### Task brief
Write out the lines of the material below exactly, beginning at the line with "Nova Zembla Rhododendron" and stopping after the line with "Close-up of frozen water", and leave out the pictures.

### Records for processing
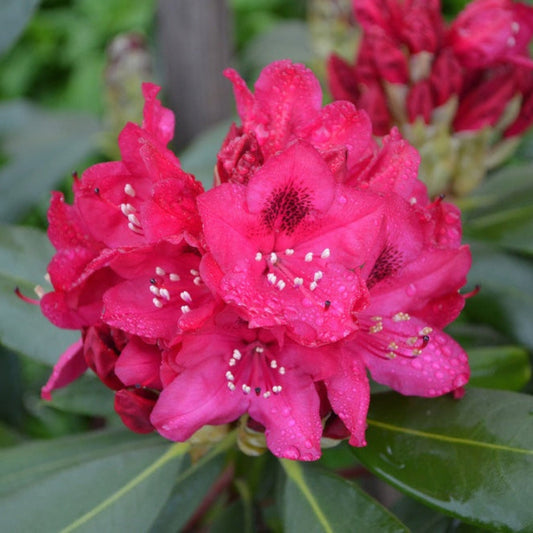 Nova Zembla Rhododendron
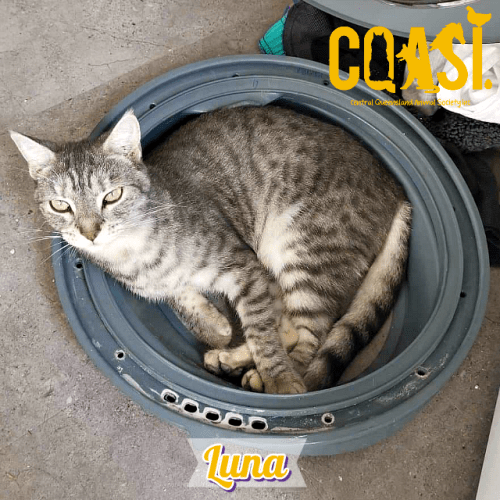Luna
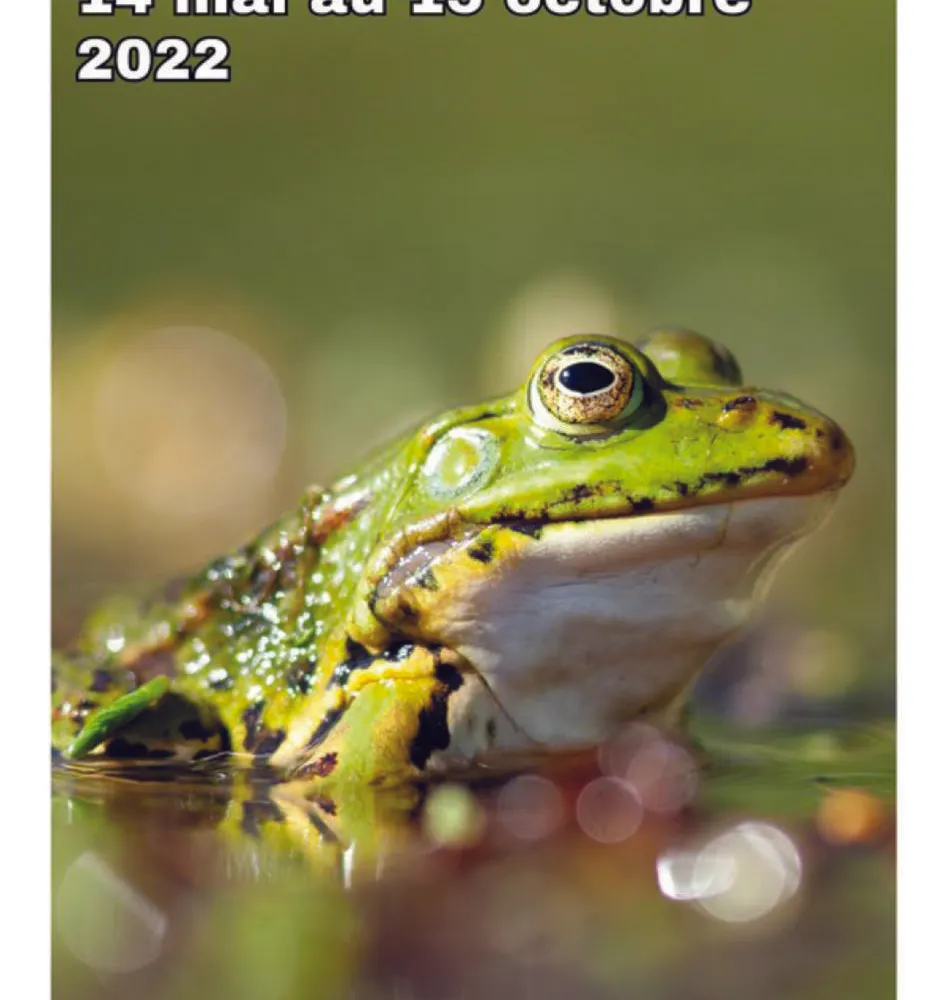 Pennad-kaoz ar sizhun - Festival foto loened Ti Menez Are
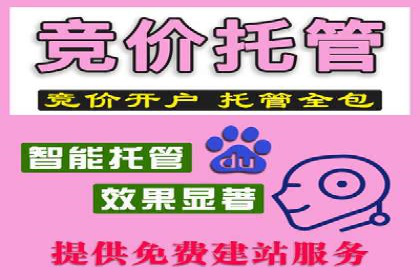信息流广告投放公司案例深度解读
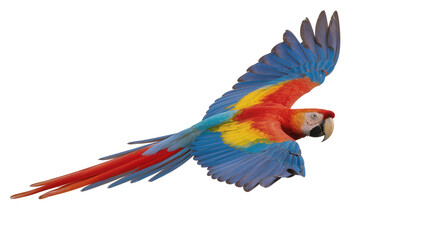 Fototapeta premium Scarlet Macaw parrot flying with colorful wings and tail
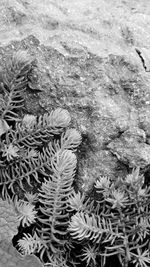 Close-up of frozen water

--

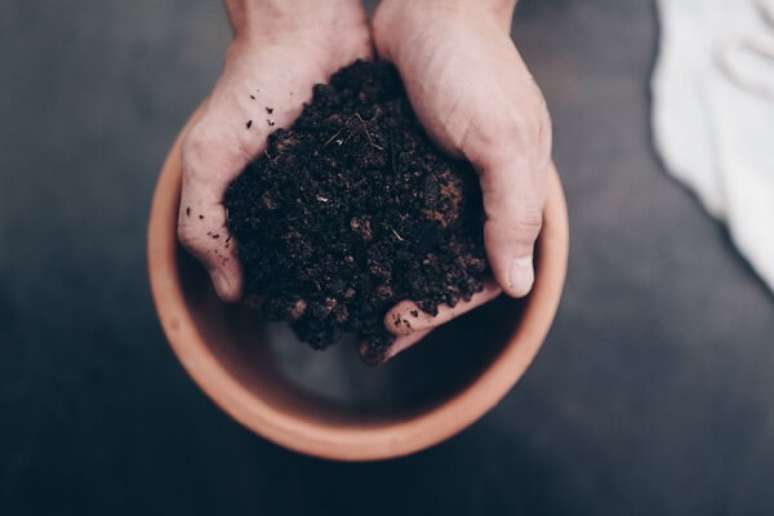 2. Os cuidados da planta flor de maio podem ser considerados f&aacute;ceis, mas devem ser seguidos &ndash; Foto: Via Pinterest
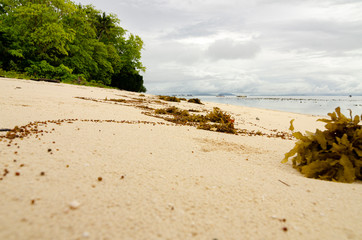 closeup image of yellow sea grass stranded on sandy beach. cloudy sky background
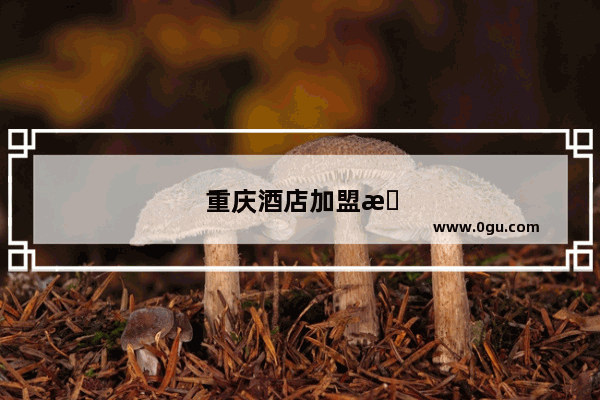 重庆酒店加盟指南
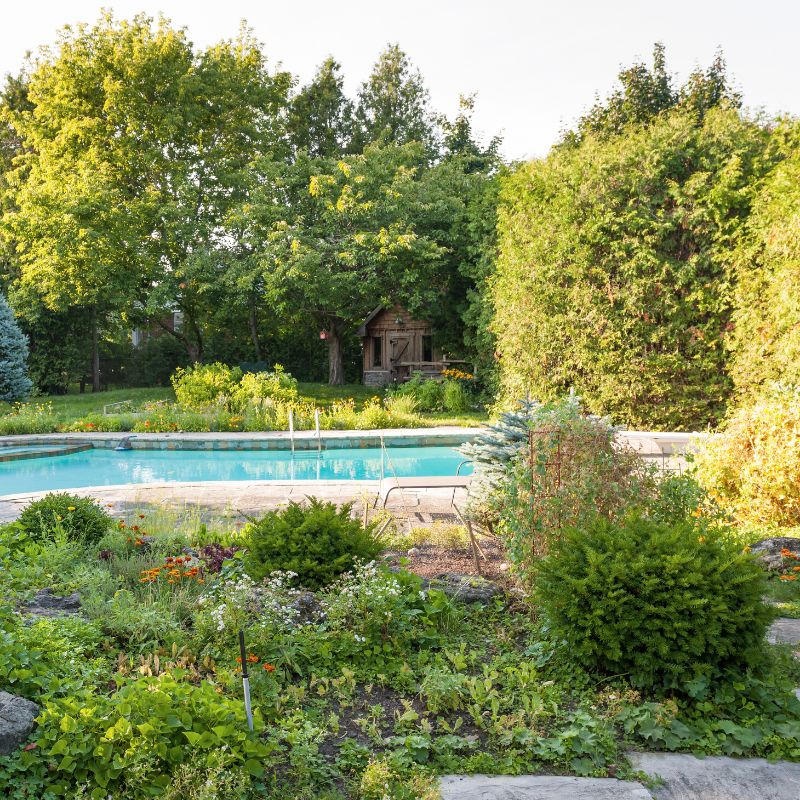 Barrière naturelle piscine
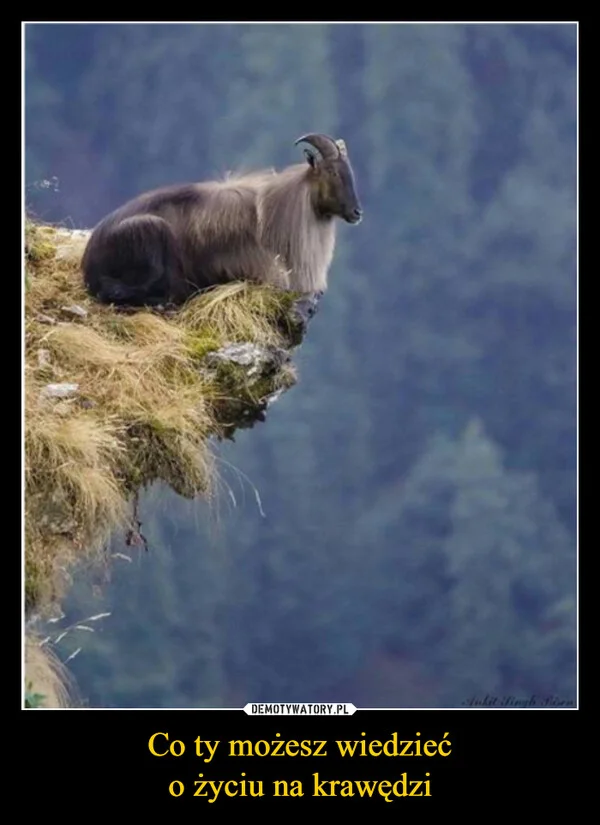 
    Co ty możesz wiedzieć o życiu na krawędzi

--

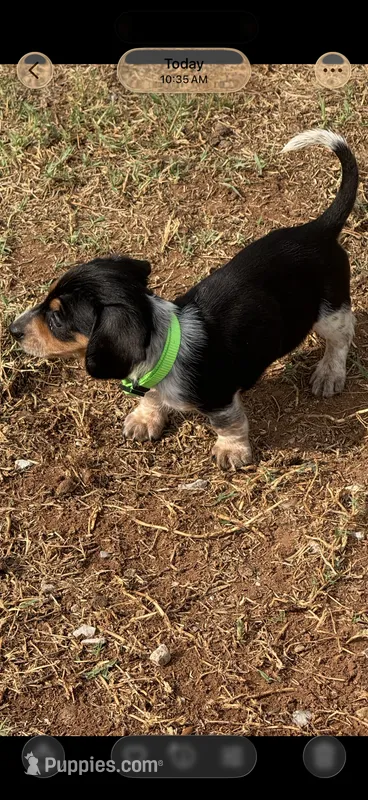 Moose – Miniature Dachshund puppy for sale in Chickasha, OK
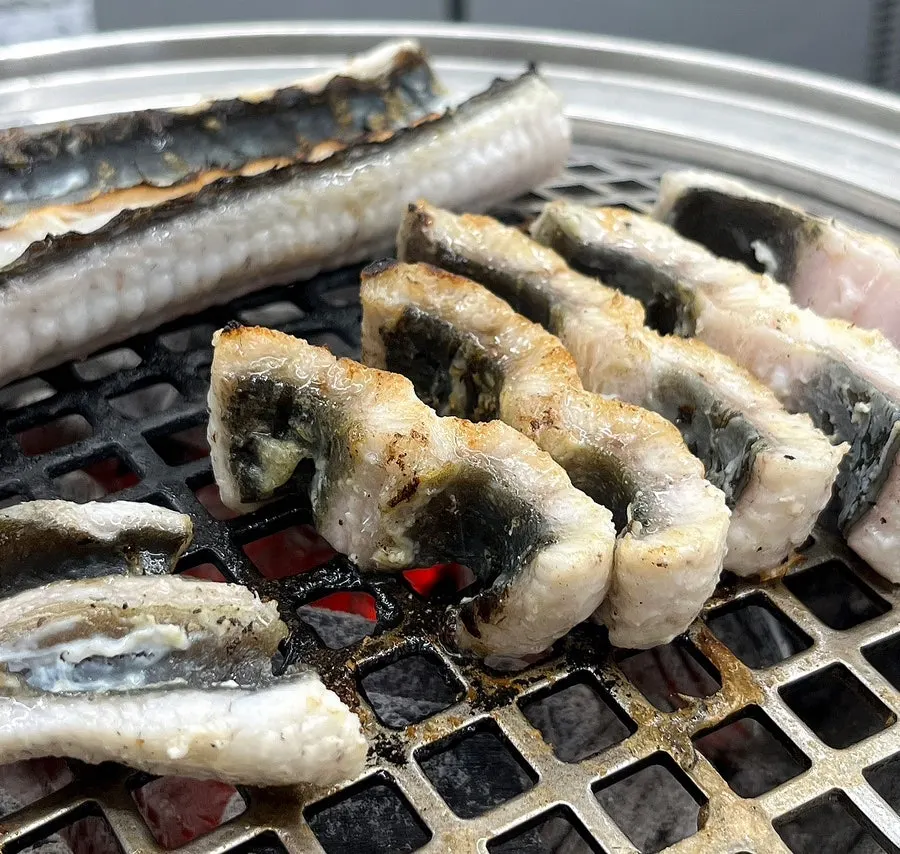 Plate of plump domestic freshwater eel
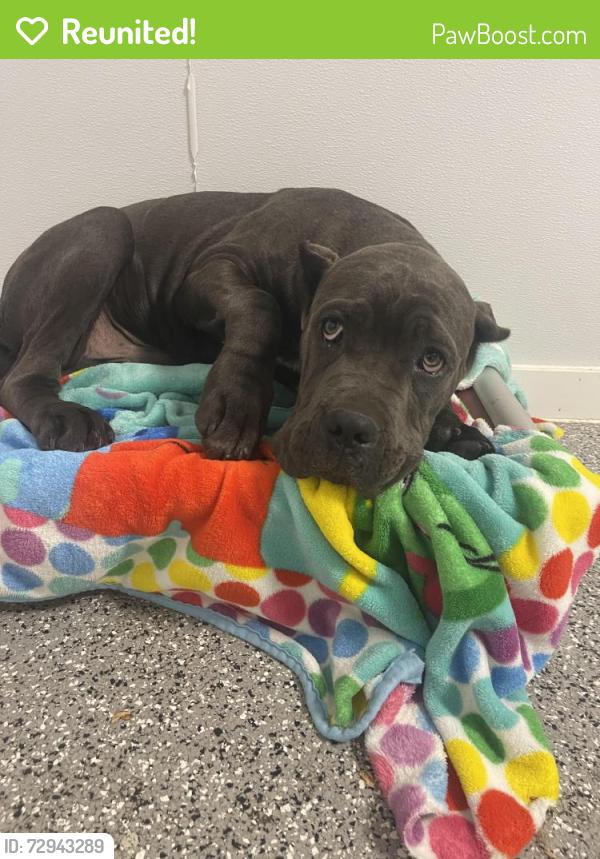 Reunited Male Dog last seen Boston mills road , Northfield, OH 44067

### Answer for this exercise
 Nova Zembla Rhododendron
Luna
 Pennad-kaoz ar sizhun - Festival foto loened Ti Menez Are
信息流广告投放公司案例深度解读
 Fototapeta premium Scarlet Macaw parrot flying with colorful wings and tail
 Close-up of frozen water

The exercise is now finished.